Critique du volume manga
Publiée le Mercredi, 10 Septembre 2025
Suite à son rendez-vous secret de la veille avec son idole pour parler de cinéma et où un célèbre réalisateur a fini par les rejoindre, Miwa semble sur un petit nuage. Ayant presque l'impression que tout ceci n'était qu'un rêve, elle se remémore tout ça, notamment l'instant où Takashi Yatsumi lui a dit qu'elle était irremplaçable. Mais quand, un soir, elle croise dans la rue son ex ainsi que ses anciens collègues du vidéo-club avec qui elle avait du mal à s'entendre, et que ceux-ci la poussent à venir boire un verra avec elle "en souvenir du bon vieux temps", voici notre héroïne embarquée dans une nouvelle épreuve dont elle se serait bien passée...
Occupant une grosse première partie du volume, ces retrouvailles autour d'un verre sont, en premier lieu, l'occasion de mieux poser Kentarô Kidô, l'ex de Miwa, ainsi que Haruka et Abe, ses anciens collègues du vidéoclub, et de bien nous faire sentir les raisons pour lesquelles notre héroïne ne s'est jamais sentie à l'aise avec eux. Car chez ces trois-là, tout semble reposer sur les apparences, les querelles d'ego et les petites piques discrètes envers les autres pour mieux se mettre en avant, soit tout ce que Miwa n'est pas, elle la jeune femme simplement sincère dans sa passion pour le cinéma. Ainsi a-t-on un Abe jouant les faux-modestes, une Haruka langue de vipère en lâchant ses petits mots qui rabaissent l'air de rien... mais c'est surtout le fameux Kido qui a tout de détestable dans sa façon d'être.

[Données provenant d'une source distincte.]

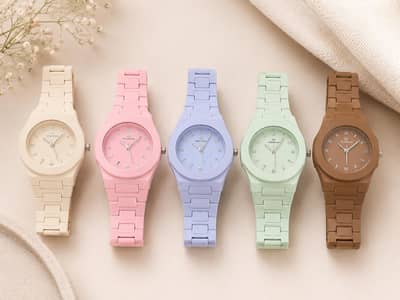 Minimalist Arabic Numeral Pastel Watches – Trendy & Lightweight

Une façon d'être où on le découvre calculateur, un brin stalker puisqu'il fait tout pour refaire tomber Miwa entre ses griffes, plein d'aplomb même quand il s'amuse à juger les gens sur trois fois rien, dénigrant les passions des autres, ressentant du plaisir en broyant les convictions des autres... En somme, le parfait pervers narcissique.
Uhei Aoki nous dépeint d'autant mieux le bonhomme que la majeure partie de ce passage est présenté à travers ses pensées, en faisant ressortir de plus belle son mode de fonctionnement, ses envies malsaines à l'égard de notre héroïne, et ces relations hypocrites où les belles paroles cachent les combats d'ego. Mais alors que Kido pense déjà pouvoir refaire tomber Miwa dans ses filets, il va petit à petit se confronter à une chose à laquelle il ne s'attendait pas: mine de rien, celle qui était si peu sûre d'elle autrefois a changé, sans pour autant trahir sa sincérité. pas de question d'ego chez elle, mais simplement une affirmation qui continue et dont les trois hypocrites en face d'elle ne manqueront pas de faire les frais grâce à ses paroles bien placées. Sans doute regrettera-t-on juste l'irruption finale de Takashi Yatsumi (qui arrive décidément partout au bon moment) qui a un goût de deus ex machina pour achever de façon trop facile toute cette séquence, mais on préférera vraiment retenir de ces dizaines de pages cette façon dont Miwa gagne en confiance sans en avoir conscience, et où son innocence et son absence de mauvaises attentions suffisent à fermer le clapet de ses interlocuteurs, simplement par la force de mots bien placés.
Une question se pose alors au bout de tout ça: d'où vient exactement ce changement en Miwa ? Bien sûr, les moments passés avec son idole Takashi Yatsumi n'y sont pas étrangers, tant ses échanges avec lui vont dans le bon sens, et tant, comme il est dit dans le tome, certains mots ont le pouvoir insoupçonné de changer une vie. Mais de manière générale, il faut surtout retenir la manière dont la jeune femme se sent acceptée pour ce qu'elle et pour sa passion au sein de la résidence de l'acteur, et c'est ce que la dernière partie du tome va s'appliquer à souligner, que ce soit à travers la question de la confiance que la pourtant si stricte Fujiura lui accorde, ou via la sympathie a priori non-feinte de sa collègue Ikezumi à son égard.
A l'arrivée, une fois les habituelles petites facilités occultées, on a un volume qui séduit beaucoup pour tout ce qu'il nous montre de Miwa, de sa sincérité pure face aux hypocrisies relationnelles, de l'évolution qu'elle connaît doucement mais sûrement sans que ça lui monte à la tête... le tout dans un travail d'écriture souvent très efficace, et avec toujours ce qu'il faut de références au cinéma.